WORK TO BE COMPLETED | Everything from the opening line of the listing below to the line that has "Hi, I'm Bill", inclusive, should be returned exactly, except the pictures.

STORED DATA |
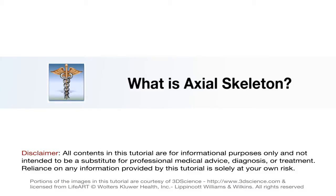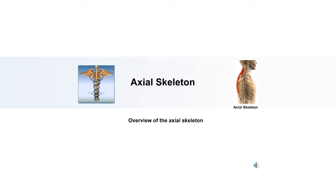Let's begin with an overview of the axial skeleton. The axial skeleton includes the bones of the skull, the vertebral column, and the bones of the thorax.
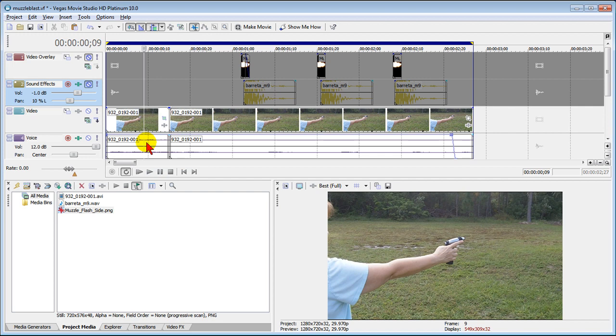Hi, I'm Bill Myers and this is another one of my video tips of the week. In this week's video tip I'm going to show you how to add muzzle flashes or gunfire in Sony Vegas movie studio.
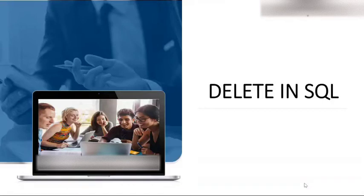Today the topic of discussion is delete in SQL. That is how we delete a particular row in SQL. So let's start.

YOUR RESPONSE |
Let's begin with an overview of the axial skeleton. The axial skeleton includes the bones of the skull, the vertebral column, and the bones of the thorax.
Hi, I'm Bill Myers and this is another one of my video tips of the week. In this week's video tip I'm going to show you how to add muzzle flashes or gunfire in Sony Vegas movie studio.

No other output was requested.